AIM OF THE EXERCISE:
Please transcribe the listing that follows exactly; images are to be excluded.

THE DATA:
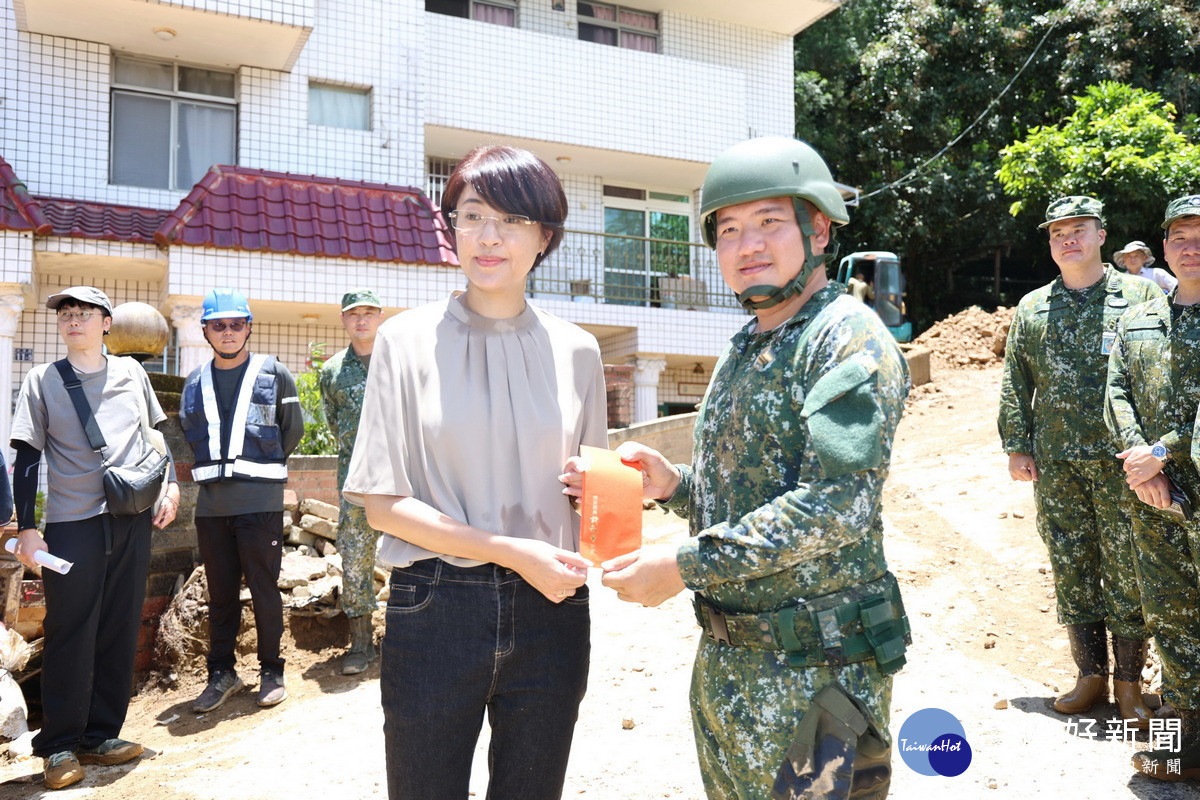 許縣長感謝國軍弟兄協助受災戶清理家園。（縣府提供）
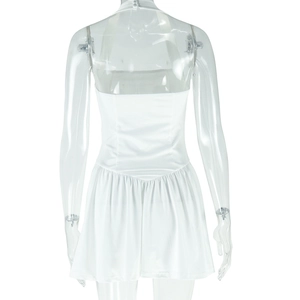 Détail de la robe dos nu en satin blanc avec jupe évasée plissée en coupe trapèze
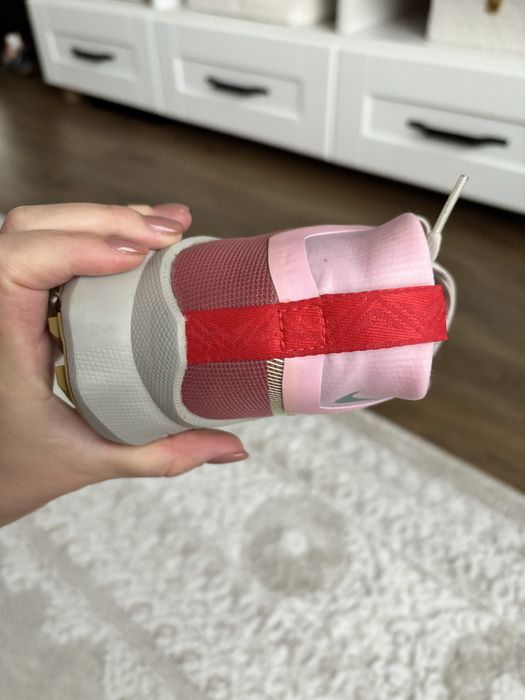 Дамски маратонки NIKE React Pegasus Trail 4 GTX RUST/PINK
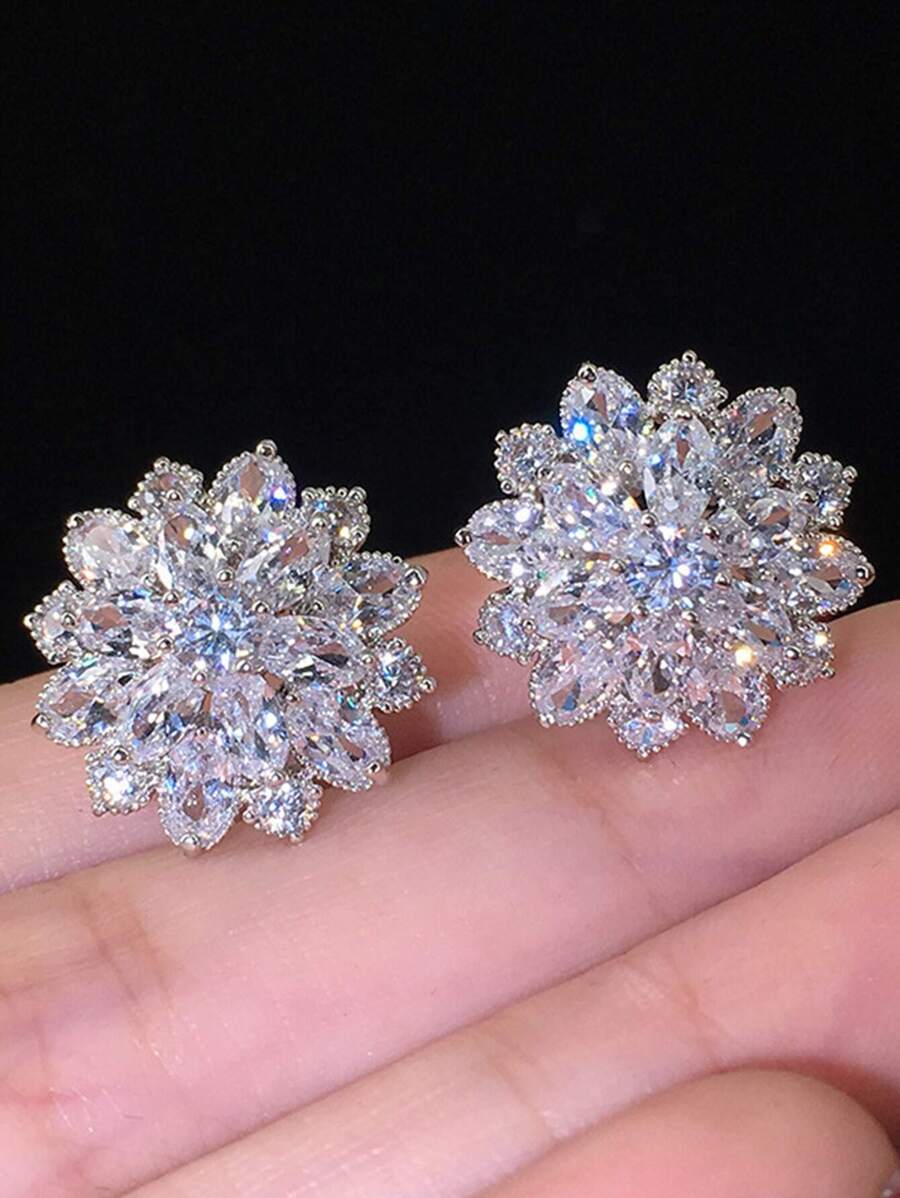 Brincos Flor Zircônia Brilho Eterno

EXERCISE OUTPUT:
 許縣長感謝國軍弟兄協助受災戶清理家園。（縣府提供）
 Détail de la robe dos nu en satin blanc avec jupe évasée plissée en coupe trapèze
 Дамски маратонки NIKE React Pegasus Trail 4 GTX RUST/PINK
 Brincos Flor Zircônia Brilho Eterno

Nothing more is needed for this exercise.